The Zero Carbon Building Standard is bold and ambitious, defining new benchmarks for building performance. The building industry will be empowered to dramatically eliminate emissions from buildings, while contributing to Canada’s climate future.
The focus of the ZCBS is on carbon pollution, going further than energy performance, and aiming at the carbon intensity of electrical grids and fossil fuel consumption. The emphasis is on energy efficiency, heating technology, and renewable energy.
A Zero Carbon Building is highly energy-efficient, producing (or procuring) carbon-free energy that is renewable. Doing so offsets the carbon emissions associated with building operations.
The ZCBS comprises several elements for reducing carbon.
- Demonstrating a building’s annual Zero Carbon Balance
- Providing a Zero Carbon transition plan for the future
- Installing a minimum 5% onsite renewable energy design
- Achieving a Thermal Energy demand-intensity target
- Reporting of Energy Use intensity and progress achieved
- Tracking and reporting of Annual Peak energy demands
- Reporting of Embodied Carbon emissions of the building
Buildings that have achieved a Zero Carbon Balance can earn certification for Zero Carbon Building Performance. Buildings are assessed over a 12-month period and performance must be demonstrated annually (for existing and new buildings).
Green building initiatives span the country from end to end, including buildings that range in size from 20,000 sq. ft. to over 1 million sq. ft. Project types (new and existing buildings) comprise schools, offices, residential, industrial, and warehouses.

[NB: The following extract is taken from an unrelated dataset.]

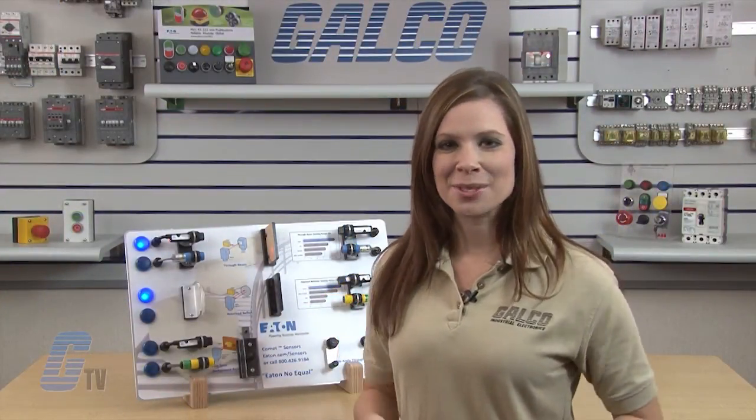The extremely high sensing power of the Perfect Prox sensor is clearly demonstrated here. Eaton Cutler Hammer's Comet Series photoelectric sensors, along with thousands of other products and services, are available at Galco.com.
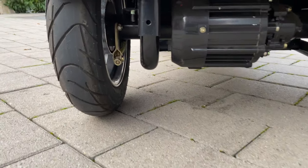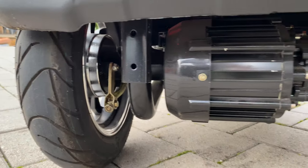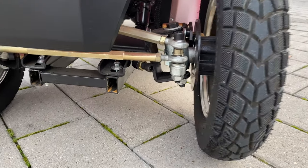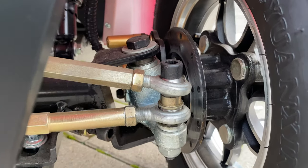A brief view from below shows the drum brakes and the powerful 1,000-watt motor. The hydraulic disc brakes and the tie rod suspension are clearly visible in the front.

As a national initiative, the Zero Carbon Building Pilot Program makes every effort to accelerate market transformation, while ensuring that benchmarks and standards are workable, and can be adopted on a wide scale throughout the marketplace.
Residential rebates promoting energy efficiency
The Home Energy Loan Program is a financing program offered in Toronto so homeowners can improve energy efficiency and save on utilities. Retrofits could include furnace replacement or insulation upgrades, both of which reduce energy consumption and lessen GHG emissions.
Union Gas offers homeowner rebates for “energy smart upgrades”. The rebates are designed to offset the upfront cost of upgrades. Over the long-term, with energy consumption much reduced, heating and cooling savings will make for a dramatic difference on monthly home budgets.
Enbridge Gas offers homeowner incentives throughout southern Ontario. Incentives are aimed at improving home energy efficiency; reducing energy consumption; and lessening emission impact on the environment. The energy conservation program is easy to implement and affordable.
The Investment in Affordable Housing for Ontario Program is designed to improve access to affordable housing. The program runs till 2020, and applicants are required to make application in order to determine eligibility for funding, depending on the nature of the project undertaken.
Residential or commercial, new construction or renovation, green building standards are the future. And it’s incumbent for homeowners, building owners, and contractors to participate.